Kriterien für Windvorrang-Gebiete in Thüringen sollen auf den Prüfstand
So bleibt Frank Hummel nur der Blick auf das kleine, hölzerne Windrad auf seinem Schreibtisch bei der Frage, wie es der Windkraft in Thüringen denn so geht. "Nicht sehr gut, wir haben, wenn man sich die Ausbau-Ziele anschaut, in Thüringen in den letzten Jahren ganz wenig Anlagen gebaut. Das sind zwischen neun und 15 Anlagen pro Jahr. Bauen müssten wir tatsächlich in der Größenordnung 30, 40, 50 Anlagen pro Jahr, um überhaupt auf die Klimaziele im Jahr 2040 zu kommen."
1.000 Windkraftanlagen müssten es sein
Momentan stehen im Freistaat 872 Windräder. Alle zusammen liefern etwa 1.700 Megawatt Strom. Um das Klimaziel zu schaffen, müssten es aber mehr als 1.000 Anlagen sein mit einer Energie-Ausbeute zwischen 5.000 und 7.000 Megawatt. Das Problem: Aktuell fehlt für den Bau von Windrädern die ausgewiesene Fläche.
Das Ausbau-Ziel der Landesregierung ist nämlich ebenfalls in Gefahr. Auf einem Prozent der Fläche des Freistaats sollen sich künftig Windräder drehen können. Aktuell sind es nur 0,33 Prozent. Das wiederum liegt an den vier Regionalen Planungsgemeinschaften. Sie sollen Vorranggebiete für die Windkraft suchen und ausweisen. In einem Regionalplan.

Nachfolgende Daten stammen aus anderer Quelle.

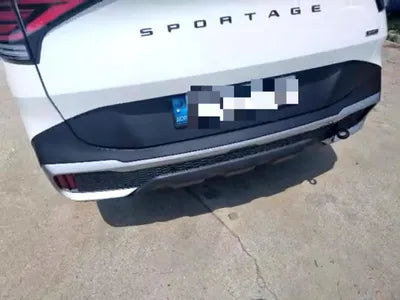 2021 Kia Sportage VIN:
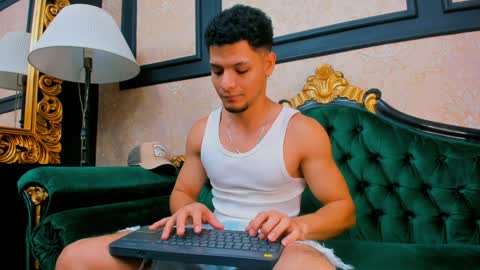 Alessandro King online show from January 2025 12:03:02 PM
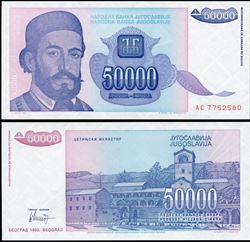 Yugoslavia 1993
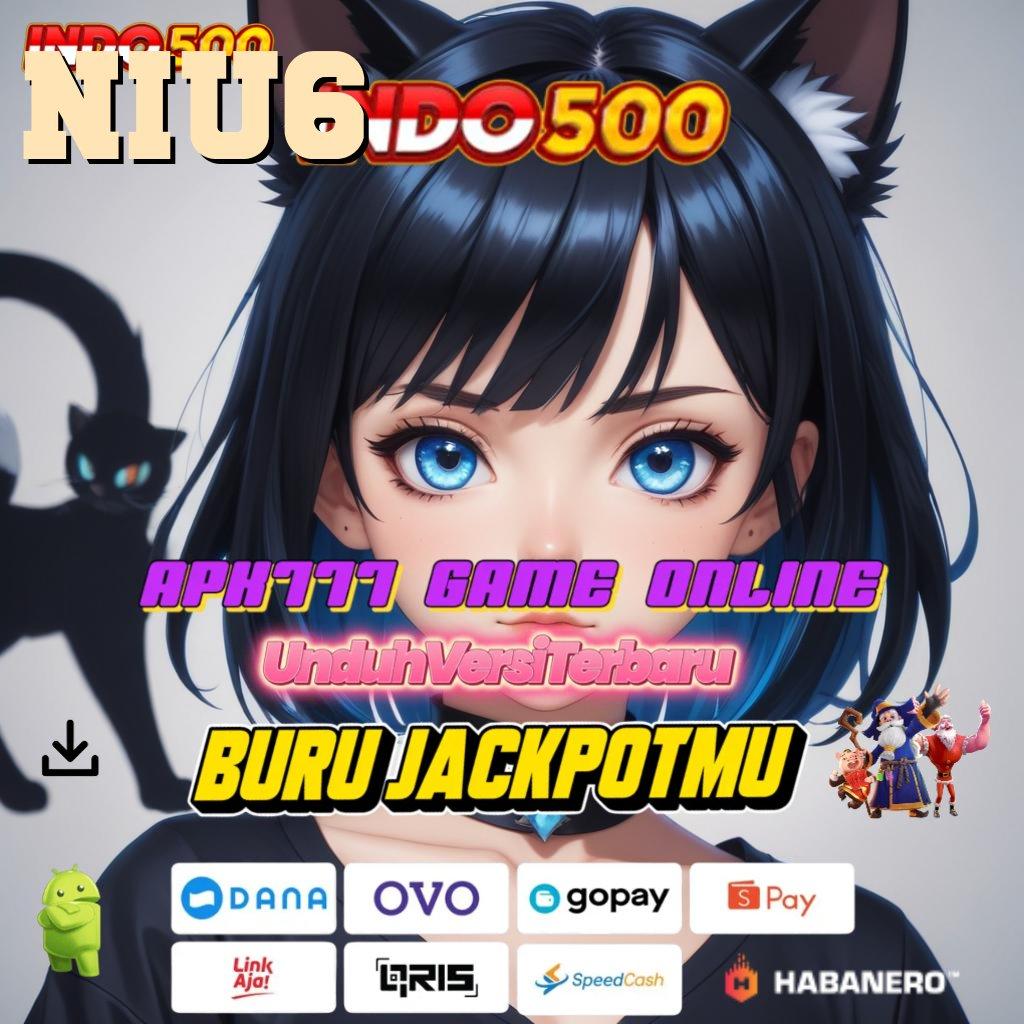 NIU6 | Update Fitur Spin Lebih Cepat Tanpa Hambatan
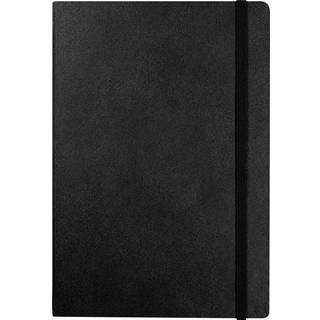 Mayland DotNotes A5 notesbog i sort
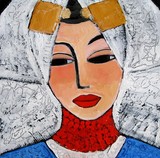 by Nelly van Nieuwenhuijzen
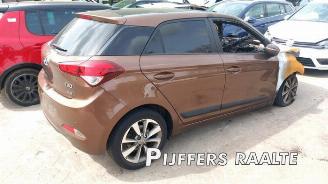 Démontage voiture Hyundai I-20 i20 (GBB), Hatchback, 2014 / 2020 1.2i 16V 2016/2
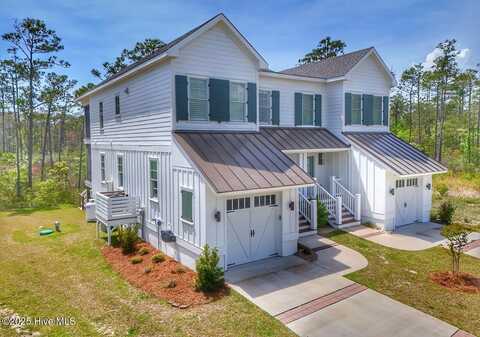 82 Back Cove Circle, Oriental, NC 28571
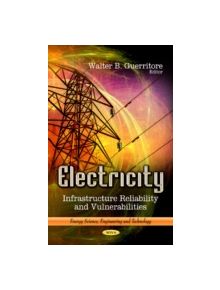 Electricity - 9781624176005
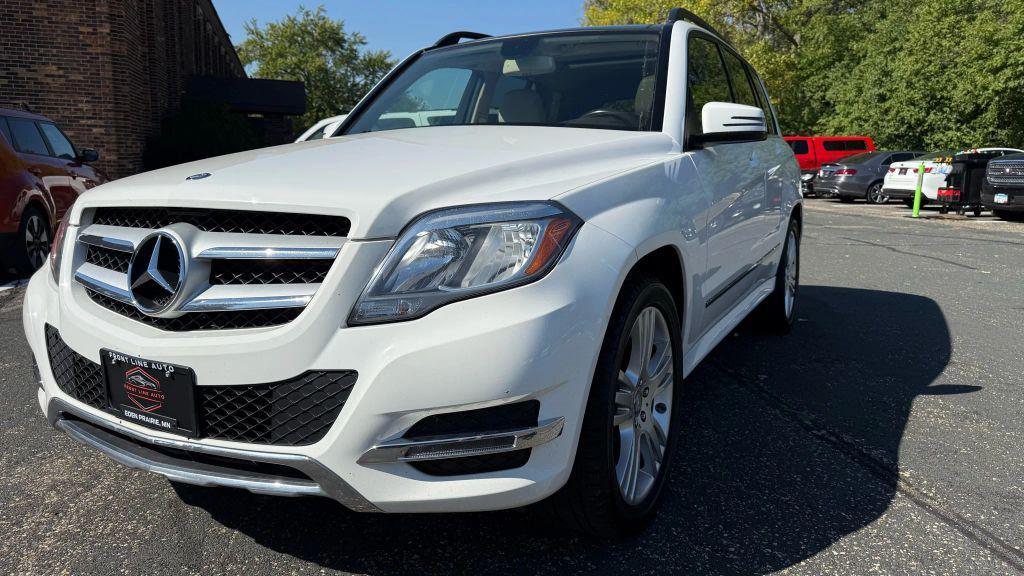 used 2013 Mercedes-Benz GLK-Class car, priced at $9,950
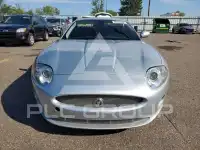2007 Jaguar XK photo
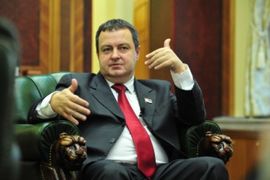 Dačić: Znam ko mi je prijetio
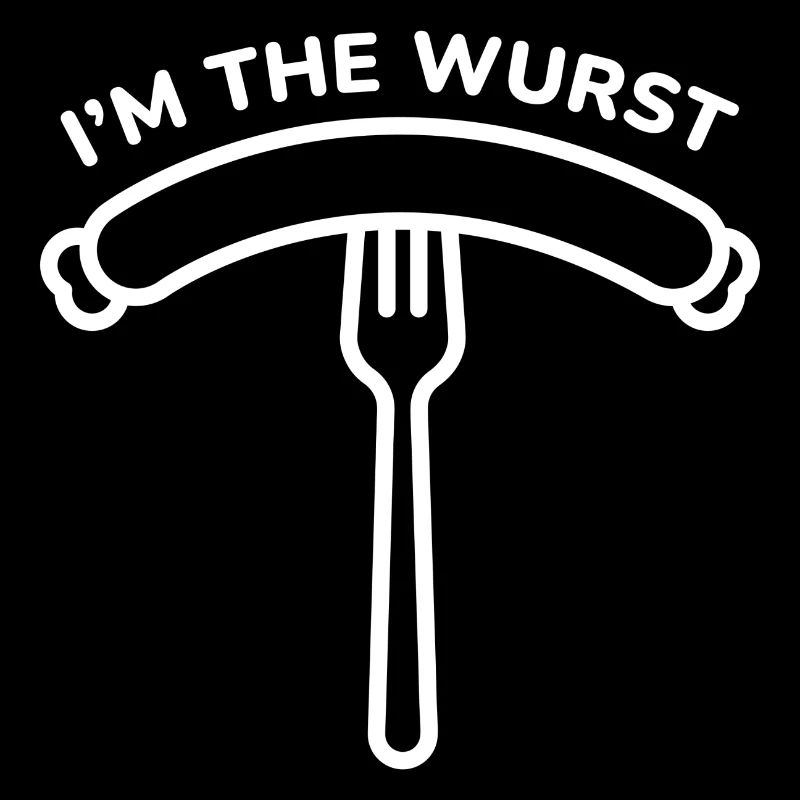 Ich bin die Wurst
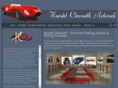 haroldcleworthartwork.com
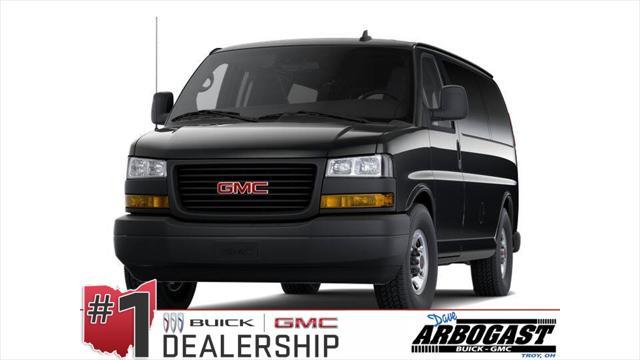 new 2025 GMC Savana 2500 car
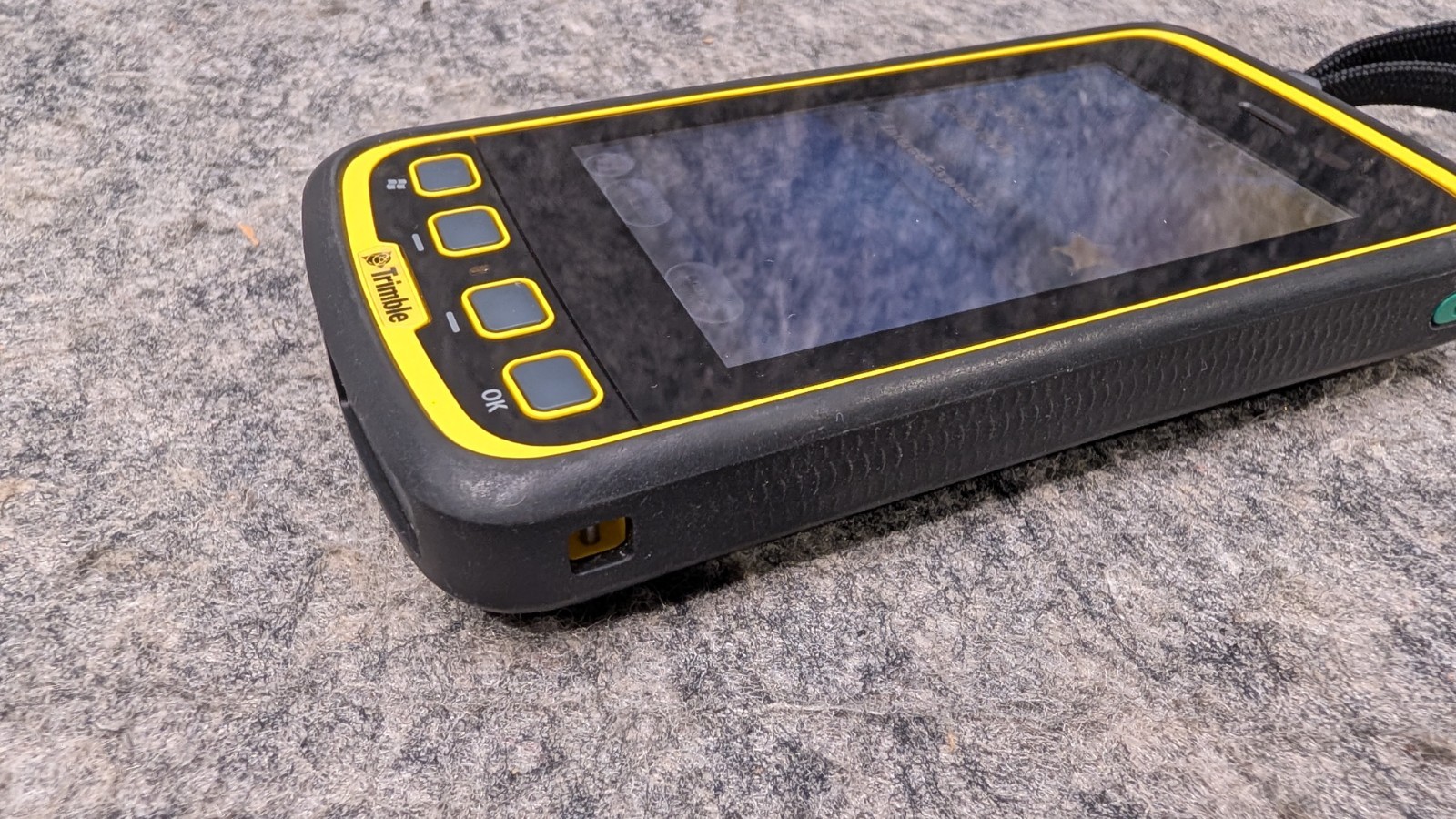 Trimble Juno 5 Series T41/5 Handheld Data Collector – Windows Embedded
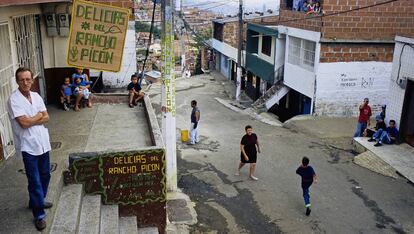 Barcelona y la ciudad colombiana de Medellín llevan ya 10 años de cooperación bilateral.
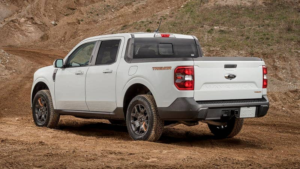 Ford Maverick Recall Investigation Raises Camera Safety Concerns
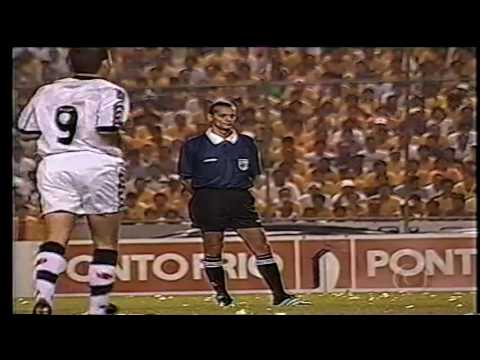 Vasco 2 - 1 Barcelona (EQU) - 1998 Copa Libertadores Final - Jogo Completo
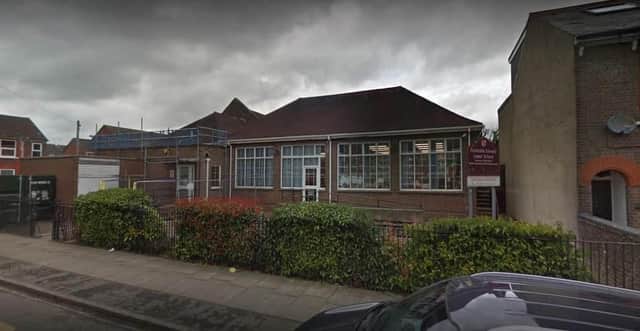 Icknield Lower School. Picture: Google Maps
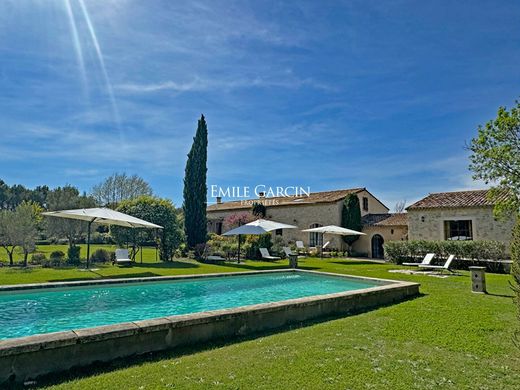 Luxury home in Saint-Rémy-de-Provence, Bouches-du-Rhône
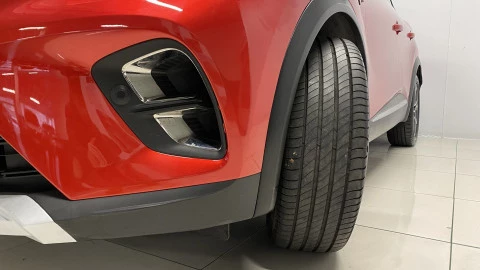 Renault Captur  Hibrido Enchufable  E-TECH Hibrido Enchufable Fast Track 117kW
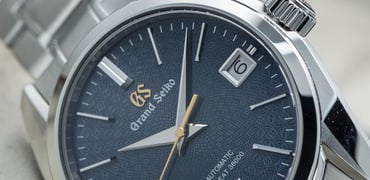 Hands-On With The Limited Edition Grand Seiko Reference SBGH267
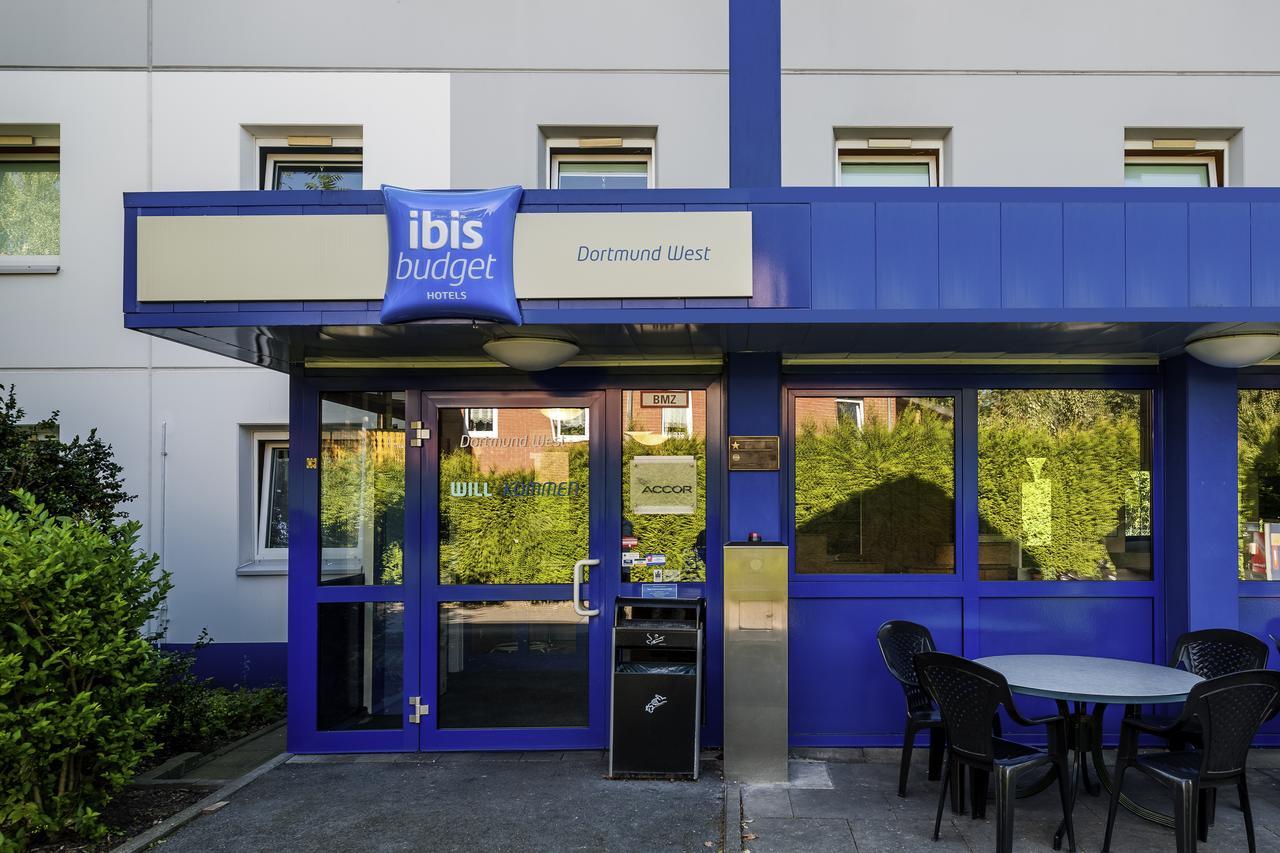 Ibis Budget Dortmund West Екстер'єр фото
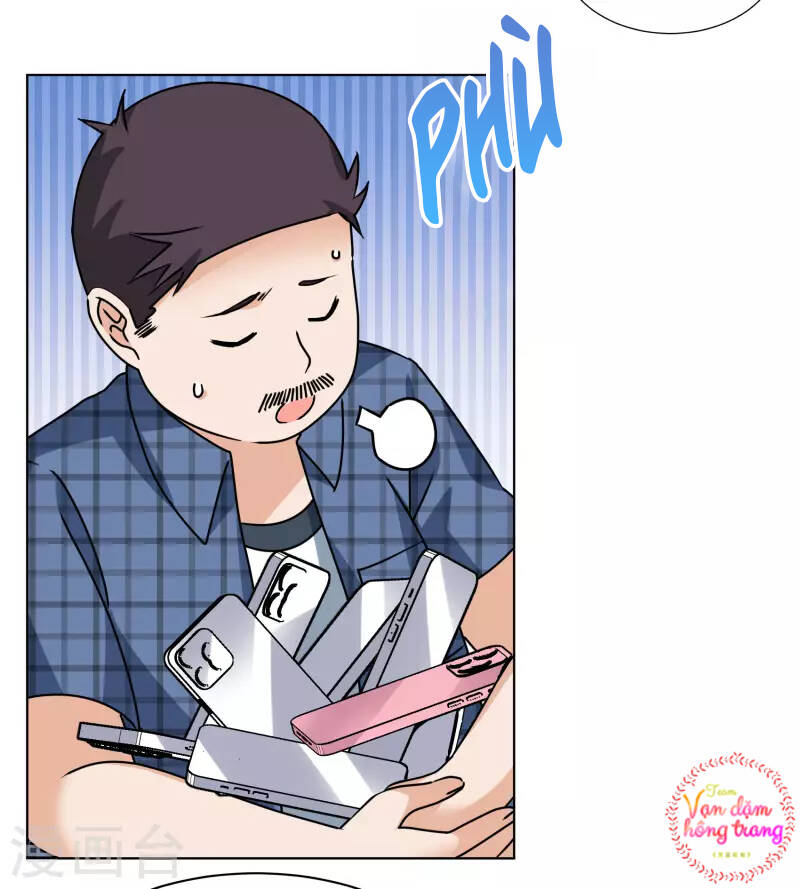 cô ấy đến rồi, xin nằm xuống! chapter 277 19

Sachsen-Anhalt hat das größte Potenzial für Windkraft
Sachsen ist vergleichsweise ungeeignet für Windkraftanlagen
Thüringens Norden ist gut für Windkraftanlagen geeignet
Doch der Widerstand gegen diese Feststellung ist groß, berichtet Frank Hummel vom Bundesverband Windenergie: "Wir haben in Ostthüringen seit Ende letzten Jahres einen Regionalplan, wo jetzt schon ein Gericht gesagt hat, dass er so nicht rechtskräftig ist. Wir haben in Mittelthüringen einen Regionalplan, der zwar gültig ist seit 2020, aber beklagt wird. Und wir haben in den beiden anderen Regionen Regionalpläne, die noch aus dem Jahr 2012 sind und dort läuft seit vier Jahren eine Fortschreibung, allerdings ohne Ergebnis."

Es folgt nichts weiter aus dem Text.